随着多种治疗难治性重度抑郁症的策略不断涌现,在疾病进程早期有效识别出具有这种结果高风险的个体仍然至关重要。
我们提取了2004年4月1日至2022年3月30日期间在三个地理位置不同的医疗系统——麻省总医院布莱根分院(MGB)、范德堡大学医学中心(VUMC)和盖辛格诊所(GC)——的临床网络中接受过抗抑郁药物首次处方且被诊断为重度抑郁症的所有个体的电子健康记录数据。主要结局,即难治性抑郁症,定义为接受电休克治疗、经颅磁刺激、迷走神经刺激、开具氯胺酮或艾司氯胺酮或单胺氧化酶抑制剂(MAOI)处方,或超过两种抗抑郁药物试验失败。我们将L1正则化回归应用于社会人口学特征、药物治疗和ICD10诊断代码计数,以拟合三个队列中每个队列的治疗抵抗模型。然后,对于每个队列,我们在其他两个队列中估计模型的可推广性能,即外部有效性。使用一致性相关系数(CCC)测量模型一致性,并使用随机森林回归分析来估计预测不一致性的特征的重要性。

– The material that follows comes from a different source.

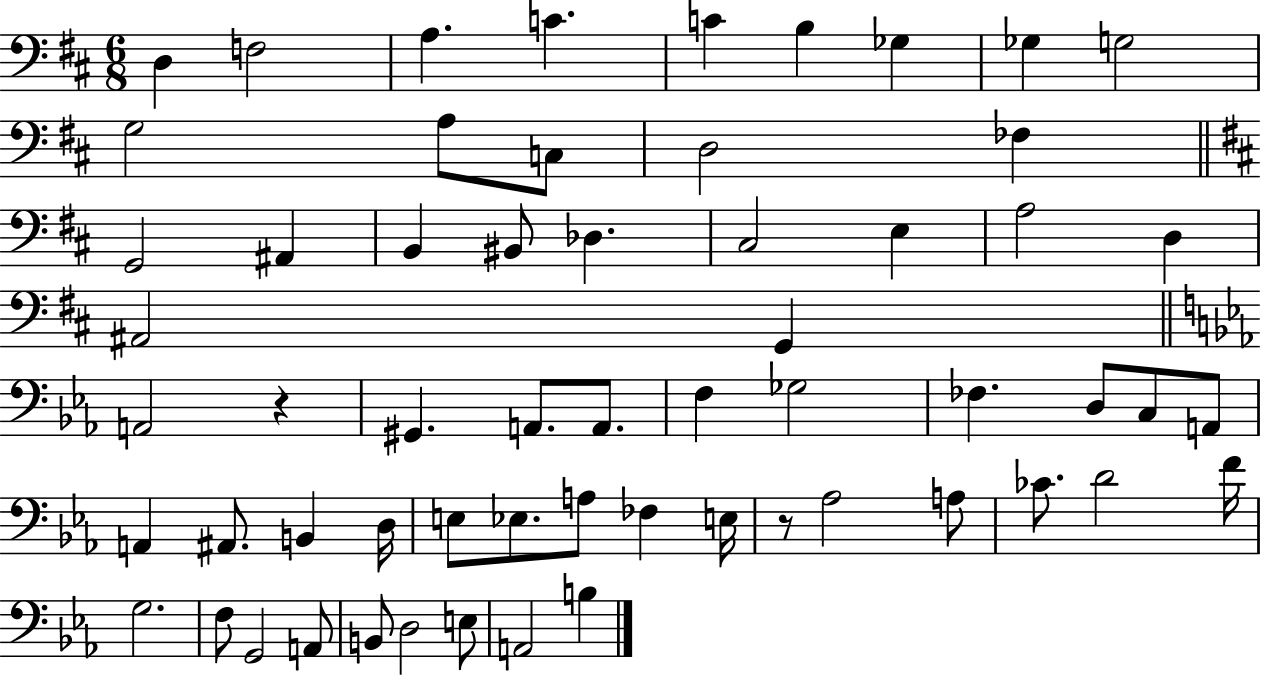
D3/q F3/h A3/q. C4/q. C4/q B3/q Gb3/q Gb3/q G3/h G3/h A3/e C3/e D3/h FES3/q G2/h A#2/q B2/q BIS2/e Db3/q. C#3/h E3/q A3/h D3/q A#2/h G2/q A2/h R/q G#2/q. A2/e. A2/e. F3/q Gb3/h FES3/q. D3/e C3/e A2/e A2/q A#2/e. B2/q D3/s E3/e Eb3/e. A3/e FES3/q E3/s R/e Ab3/h A3/e CES4/e. D4/h F4/s G3/h. F3/e G2/h A2/e B2/e D3/h E3/e A2/h B3/q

在各个研究点,内部验证的受试者工作特征曲线下面积(AUROC)范围为0.58 - 0.64,外部验证的范围为0.51 - 0.58。在每个研究点留出的相同测试集上,精确召回率曲线下面积(AUPRC)在内部验证中的范围为0.1 - 0.13,在外部验证中的平均值为0.07 - 0.13。在相同测试集上,VUMC与MGB模型的CCC为0.13,VUMC与GC模型的CCC为0.18,MGB与GC模型的CCC为0.38。这些结果表明MGB和GC模型的相关性更好,但均无良好相关性。预测不一致性的重要特征主要由年龄主导,其次是编码后的性别。
这些线性模型在三个不同的主要医疗系统中表现出一致的总体性能和不一致的个体性能。纳入大量且异质性的样本表明,进一步的改进可能需要纳入电子健康记录中不易获得的数据类型。建议密切关注关键亚组的性能,以确保模型不会表现出差异或不公平。有必要进行前瞻性研究,以评估临床模型在多大程度上可能改善早期识别和结局。